### Exercise objective:
Write out exactly the lines from the one containing "LONGWave - 03-08-23" through the last line of the records below, both included, and leave out any pictures.

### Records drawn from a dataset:
+++

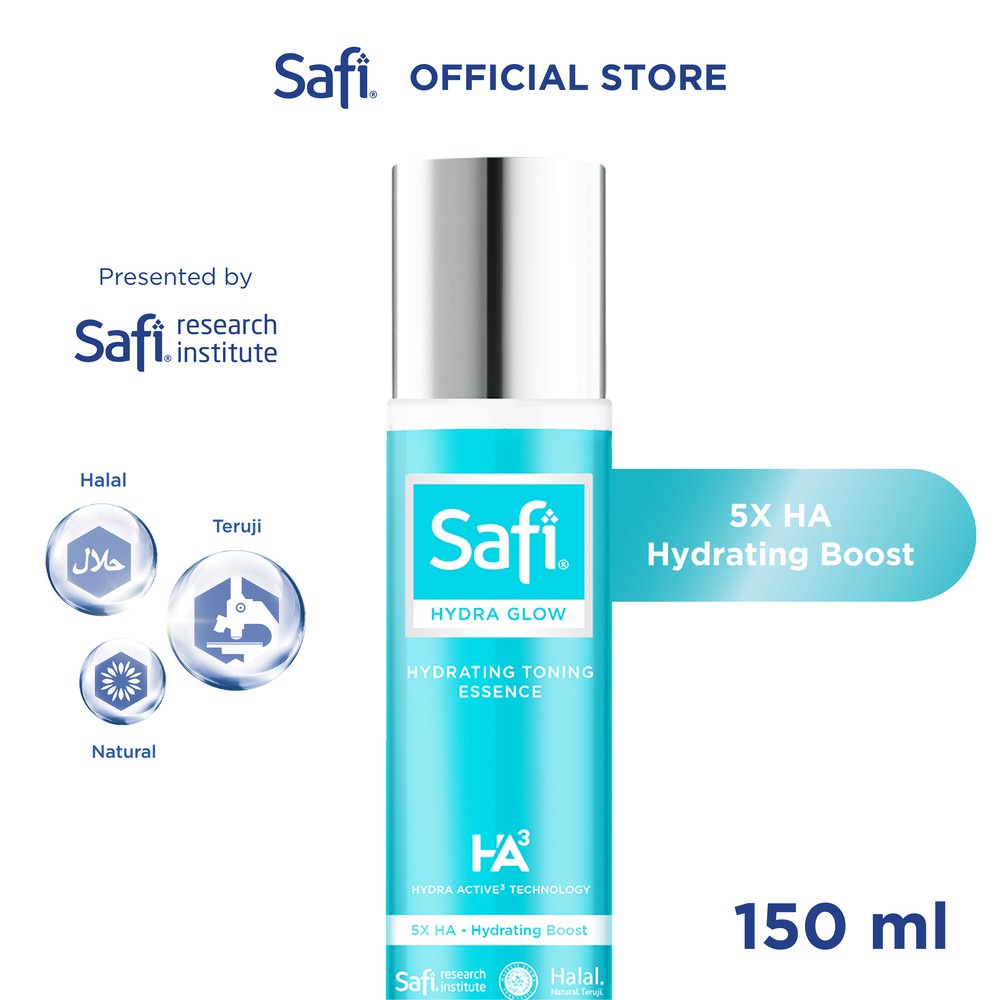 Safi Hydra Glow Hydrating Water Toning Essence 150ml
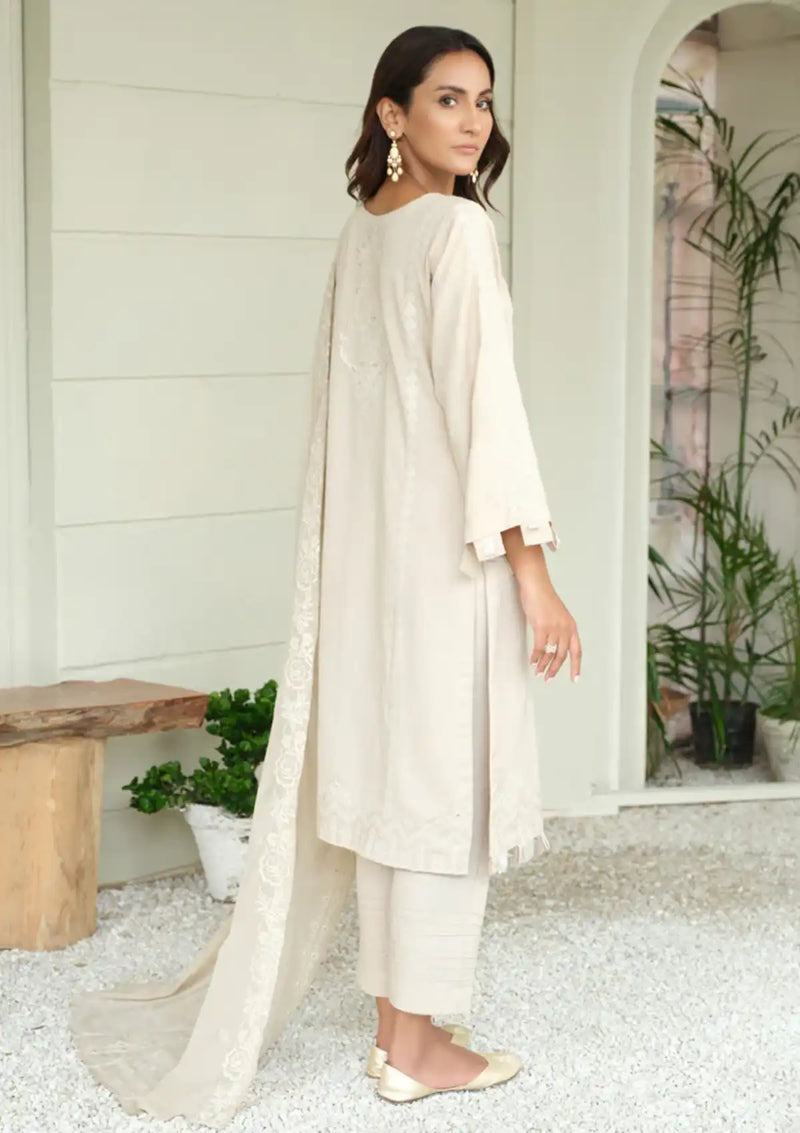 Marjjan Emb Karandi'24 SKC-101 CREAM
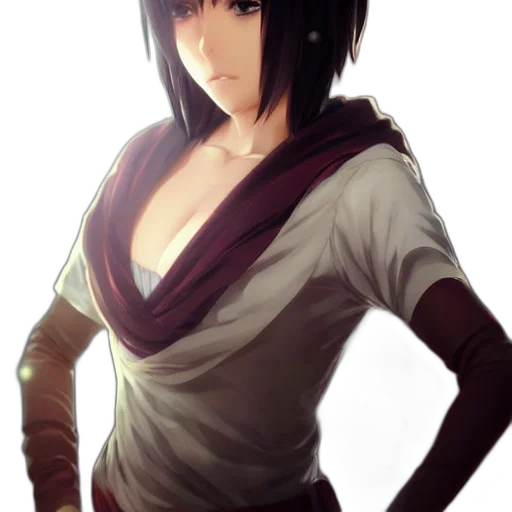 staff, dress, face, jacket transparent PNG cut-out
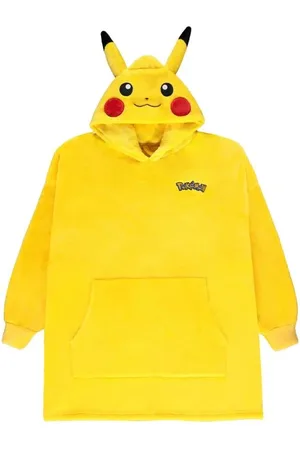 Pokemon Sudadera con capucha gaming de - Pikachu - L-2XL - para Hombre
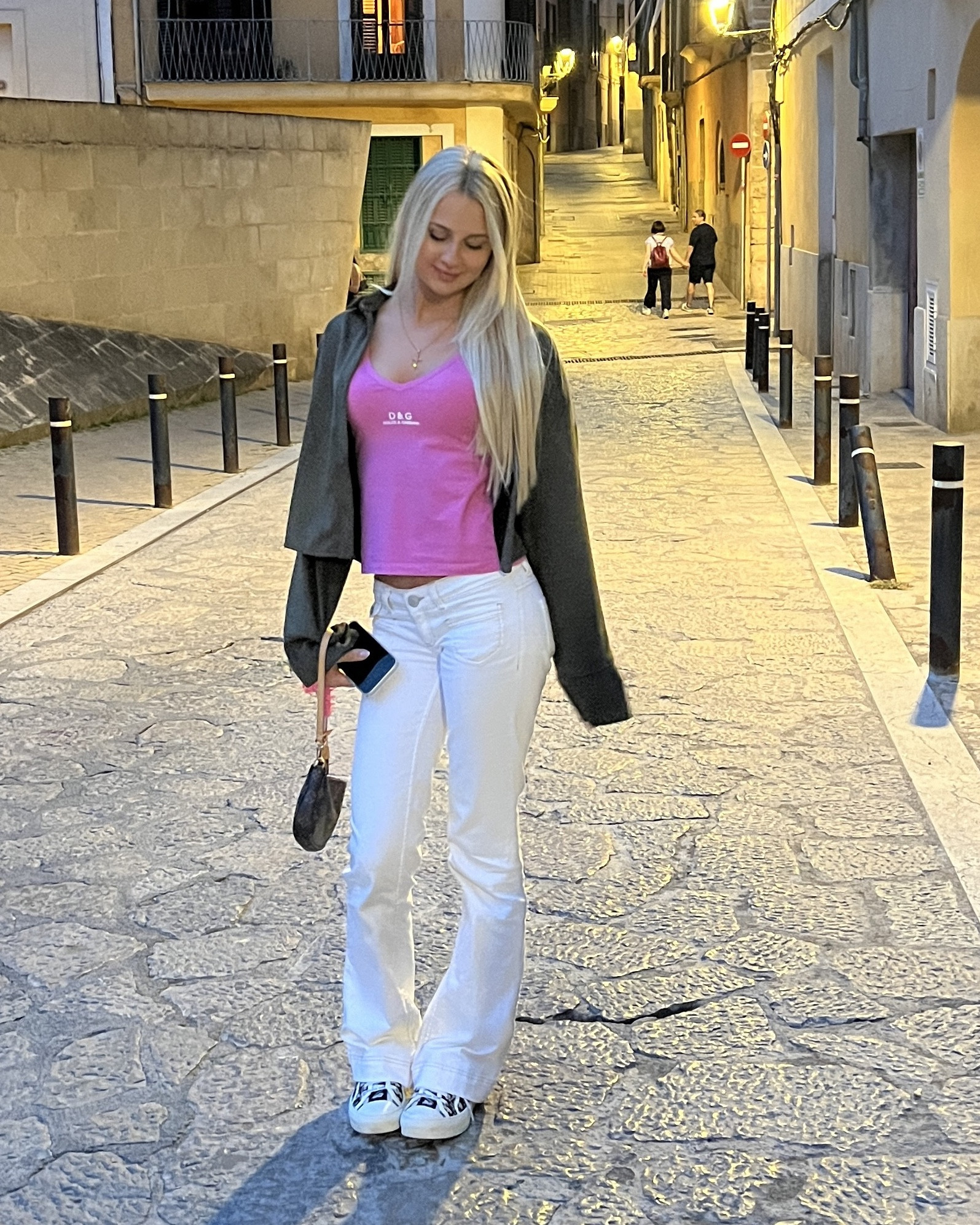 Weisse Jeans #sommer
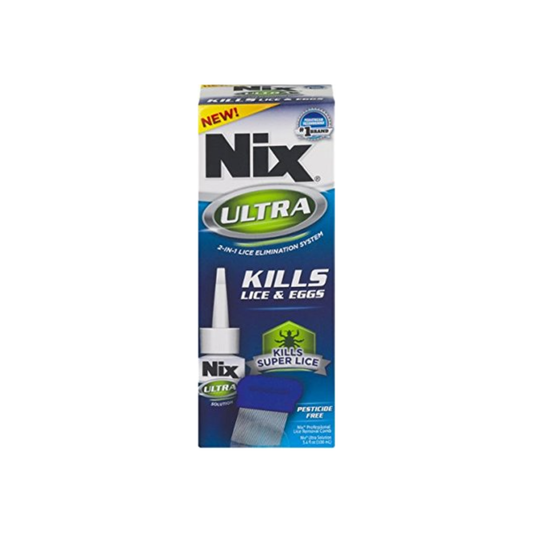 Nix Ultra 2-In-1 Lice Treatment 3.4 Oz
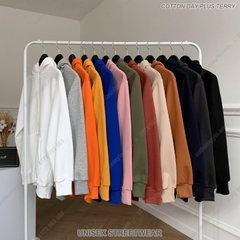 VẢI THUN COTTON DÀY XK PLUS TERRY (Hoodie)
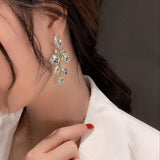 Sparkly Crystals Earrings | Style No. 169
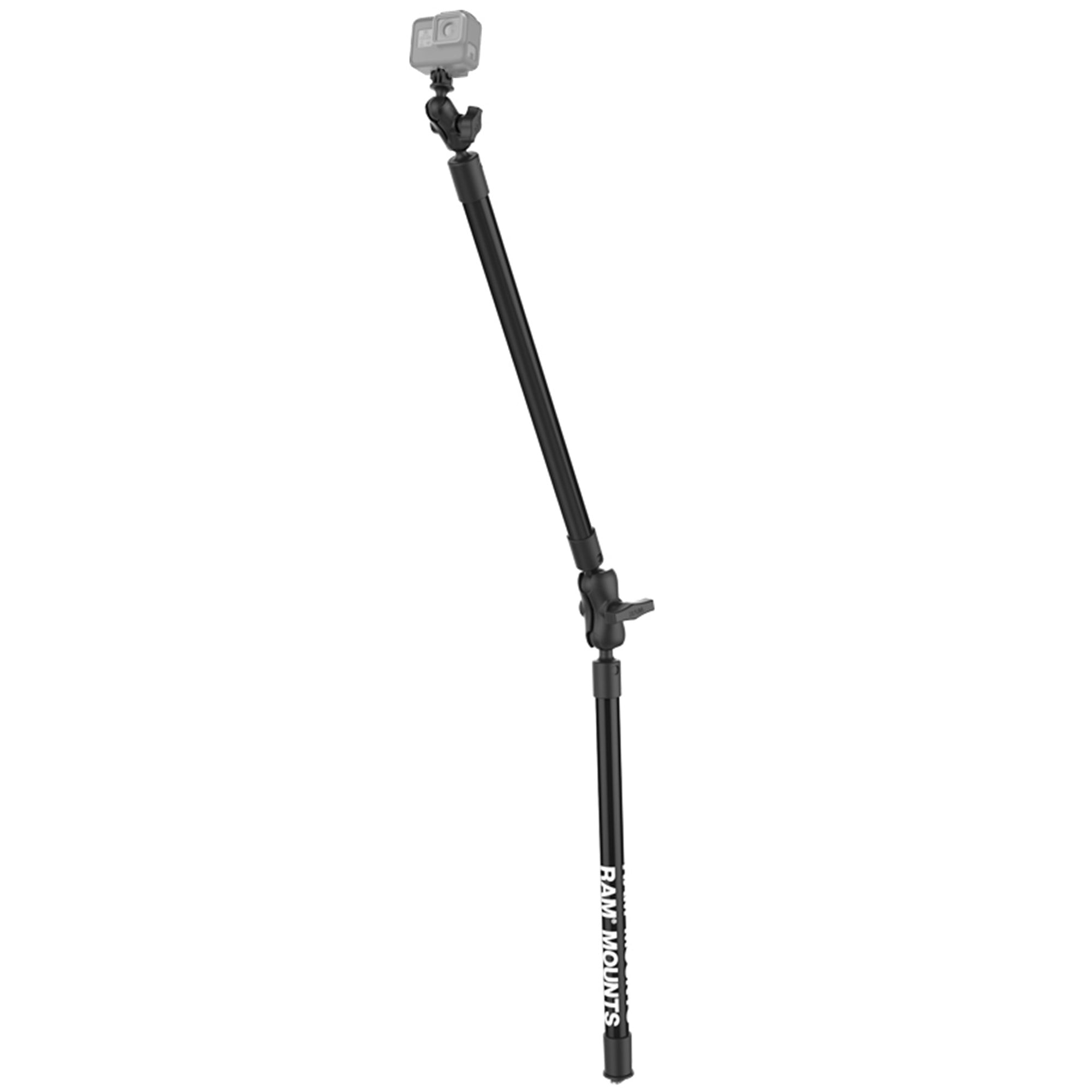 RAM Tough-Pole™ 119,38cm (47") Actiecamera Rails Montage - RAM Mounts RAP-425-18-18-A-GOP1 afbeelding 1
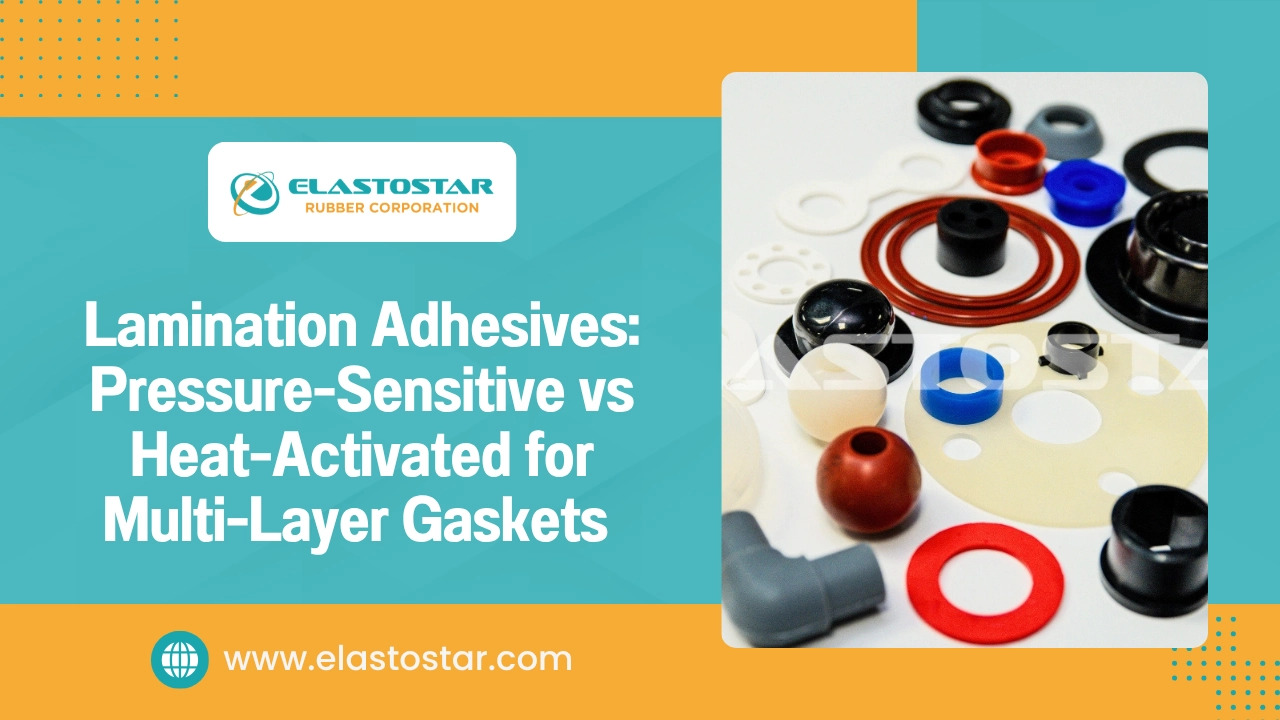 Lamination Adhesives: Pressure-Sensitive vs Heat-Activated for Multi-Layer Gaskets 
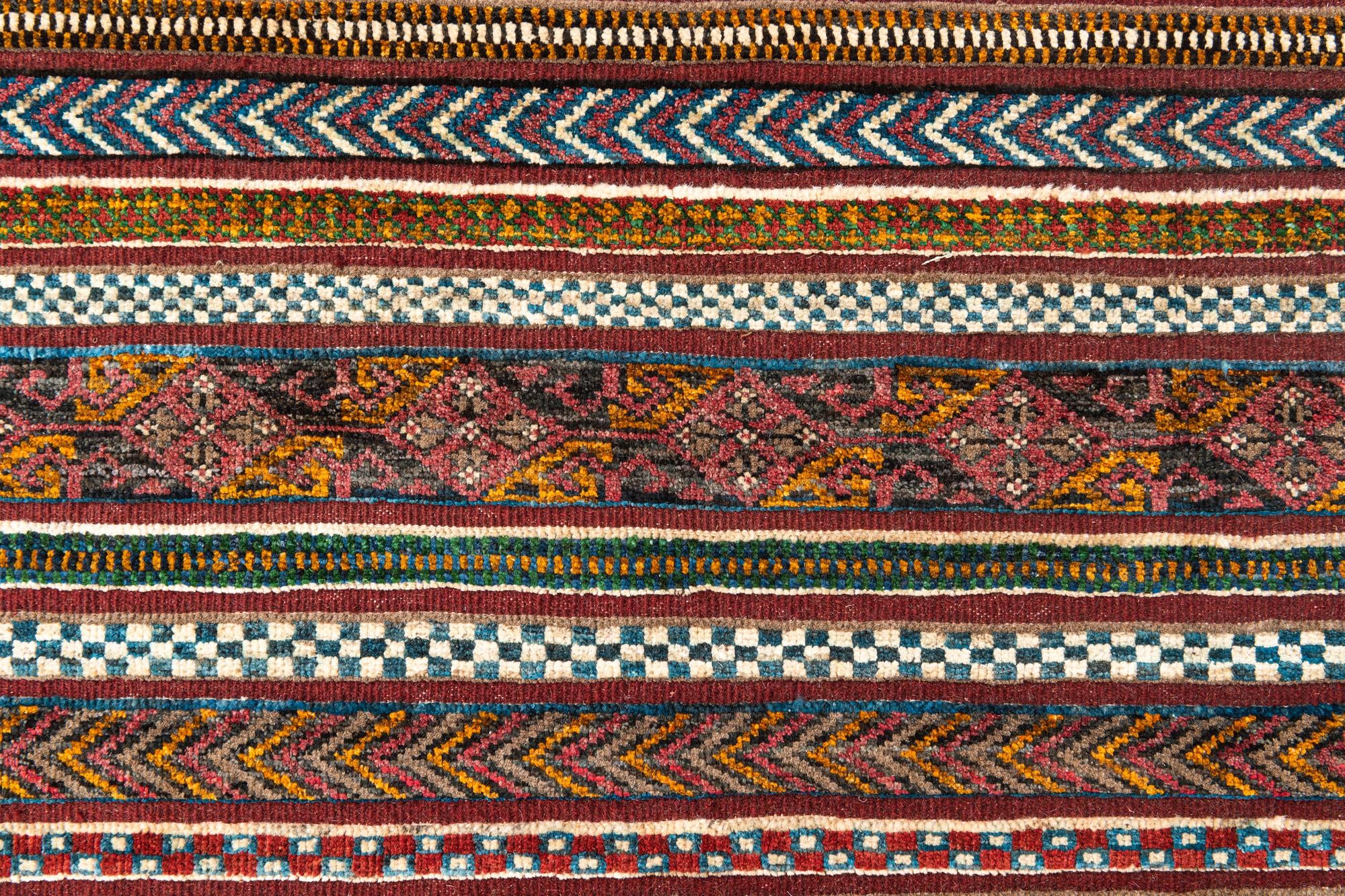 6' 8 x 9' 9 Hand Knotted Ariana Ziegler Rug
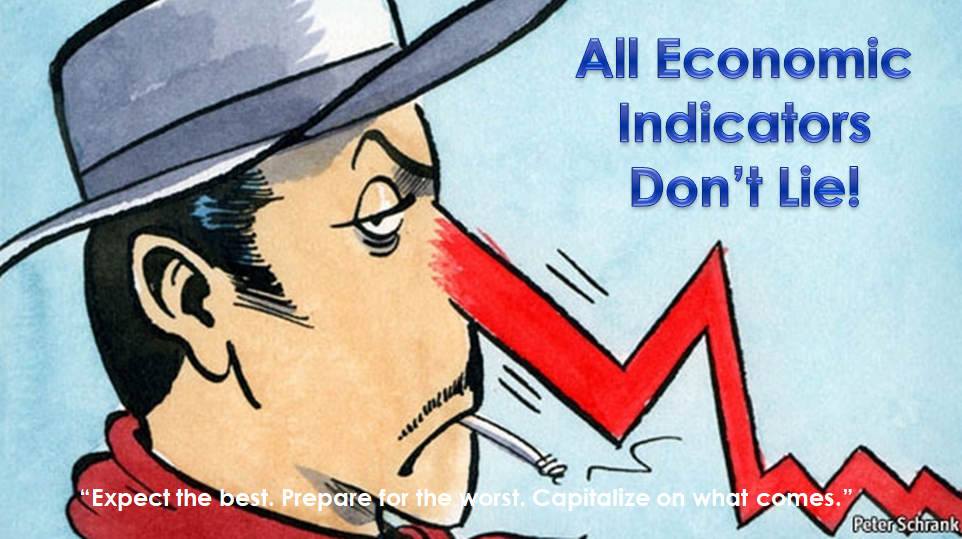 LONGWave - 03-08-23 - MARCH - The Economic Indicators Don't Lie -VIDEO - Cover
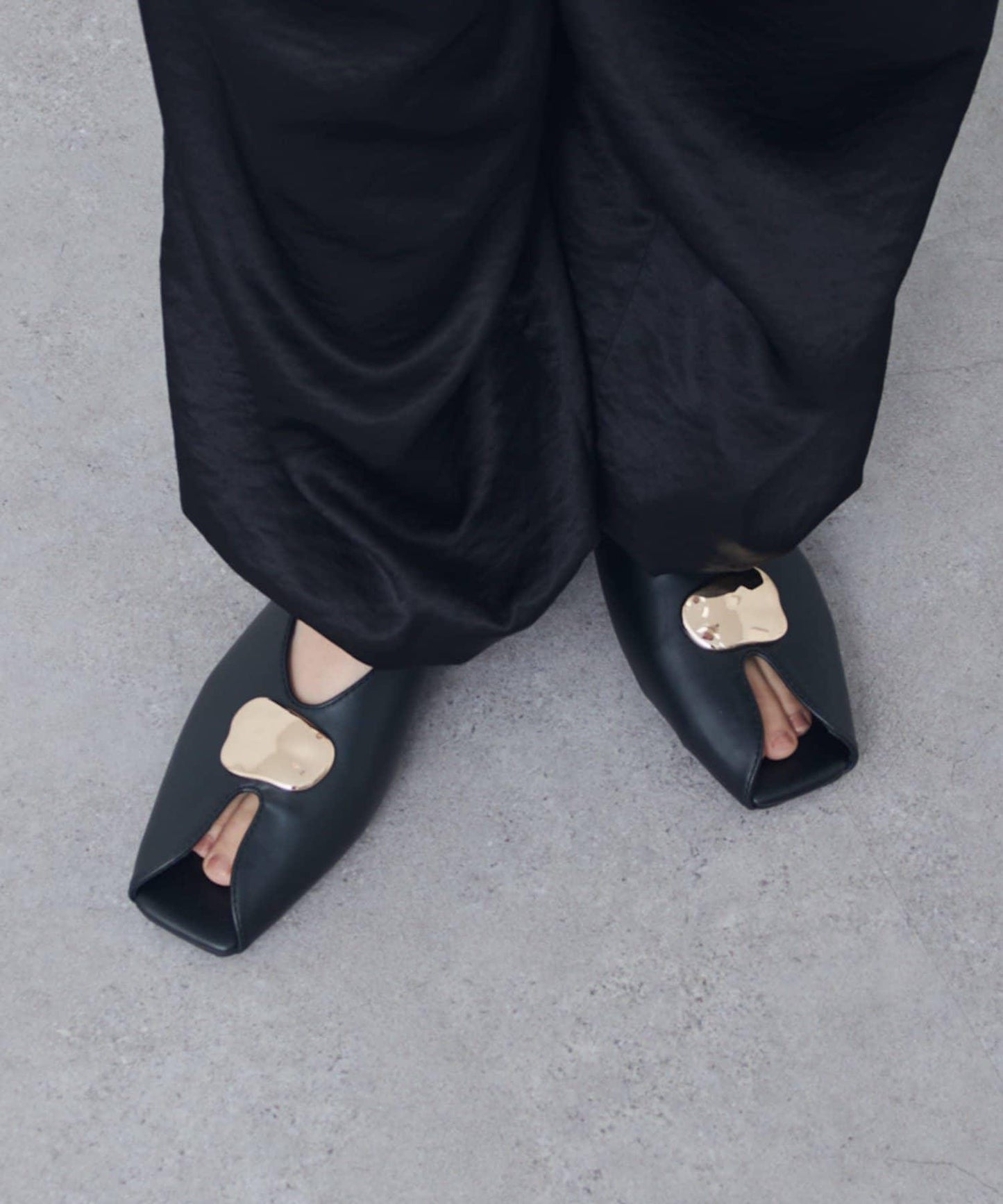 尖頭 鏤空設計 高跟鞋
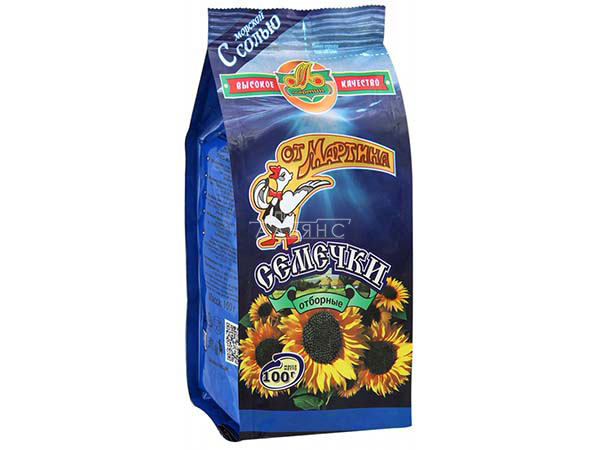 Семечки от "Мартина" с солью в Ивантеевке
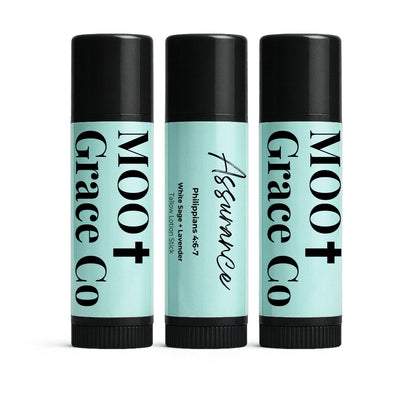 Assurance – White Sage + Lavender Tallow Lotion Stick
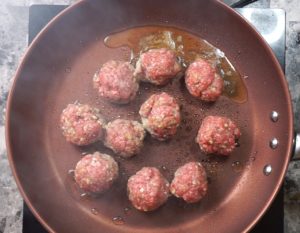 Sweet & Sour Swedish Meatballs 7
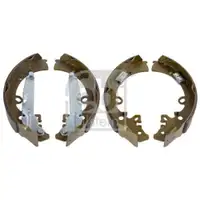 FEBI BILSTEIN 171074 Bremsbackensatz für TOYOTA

+++

### Solution for this problem:
 LONGWave - 03-08-23 - MARCH - The Economic Indicators Don't Lie -VIDEO - Cover
 尖頭 鏤空設計 高跟鞋
 Семечки от "Мартина" с солью в Ивантеевке
 Assurance – White Sage + Lavender Tallow Lotion Stick
 Sweet & Sour Swedish Meatballs 7
 FEBI BILSTEIN 171074 Bremsbackensatz für TOYOTA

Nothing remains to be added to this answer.